The deterministic twin prisoner's dilemma
Joe Carlsmith: The experiment that convinces me most is: Imagine that you are a deterministic AI system and you only care about money for yourself. So you’re selfish. There’s also a copy of you, a perfect copy, and you’ve both been separated very far away — maybe you’re on spaceships flying in opposite directions or something like that. And you’re both going to face the exact same inputs. So you’re deterministic: the only way you’re going to make a different choice is if the computers malfunction or something like that. Otherwise you’re going to see the exact same environment.
In the environment, you have the option of taking $1,000 for yourself: we’ll call that “defecting” — or giving $1 million to the other guy: we’ll call that “cooperating.” The structure is similar to a prisoner’s dilemma. You’re going to make your choice, and then later you’re going to rendezvous.
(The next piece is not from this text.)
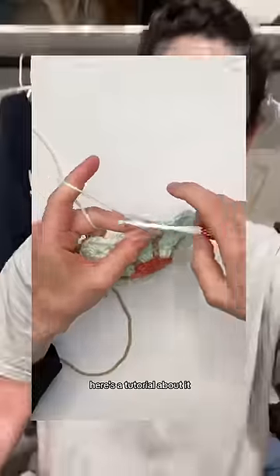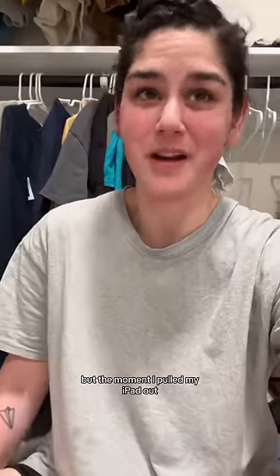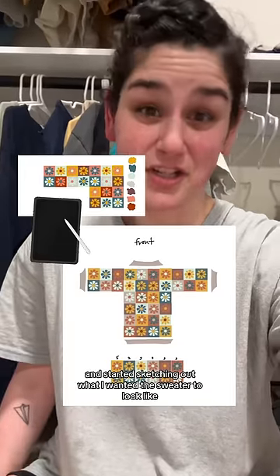So I want to be like, bam, here's a tutorial about it. So I filmed that — it looks like a boob here, don't worry about it, I don't want to talk about that. I promised myself I was going to be super chill about it and not block the granny squares into a sweater, but the moment I pulled my iPad out and Apple Pencil and started sketching out what I wanted the sweater to look like, I lost all chill.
So what should you do? Well, here’s an argument that I don’t find convincing, but that I think would be the argument offered by someone who thinks you can only control what you can cause. The argument would be something like: your choice doesn’t cause that guy’s choice. He’s far away; maybe he’s lightyears away. You should treat his choice as fixed. And then whatever he chooses, you get more money if you defect. If he defects, then you’ll get nothing by cooperating and $1,000 by defecting. If he sends the money to you, then you’ll get $1.001 million by defecting and $1 million by cooperating. No matter what, it’s better to defect. So you should defect.
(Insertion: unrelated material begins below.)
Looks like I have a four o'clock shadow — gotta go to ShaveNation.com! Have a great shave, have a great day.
But I think that’s wrong. The reason I think it’s wrong is that you are going to make the same choice. You’re deterministic systems, and so whatever you do, he’s going to do it too. In fact, in this particular case — and we can talk about looser versions where the inputs aren’t exactly identical — the connection between you two is so tight that literally, if you want to write something on your whiteboard, he’s going to write that too. If you want him to write on his whiteboard, “Hello, this is a message from your copy,” or something like that, you can just write it on your own whiteboard. When you guys rendezvous, his whiteboard will say the thing that you wrote. You can sit there going, “What do I want?” You really can control what he writes. If you want to draw a particular kitten, if you want to scribble in a certain way, he’s going to do that exact same thing, even though he’s far away and you’re not in causal interaction with him.
To me, I think there’s just a weird form of control you have over what he does that we just need to recognise. So I think that’s relevant to your decision, in the sense that if you start reaching for the defect button, you should be like, “OK, what button is he reaching for right now?” As you move your arm, his arm is moving with you. And so you reach for the defect, he’s about to defect. You could basically be like, “What button do I want him to press?” and just press it yourself and he’ll press it. So to me, it feels pretty easy to press the “send myself $1 million” button.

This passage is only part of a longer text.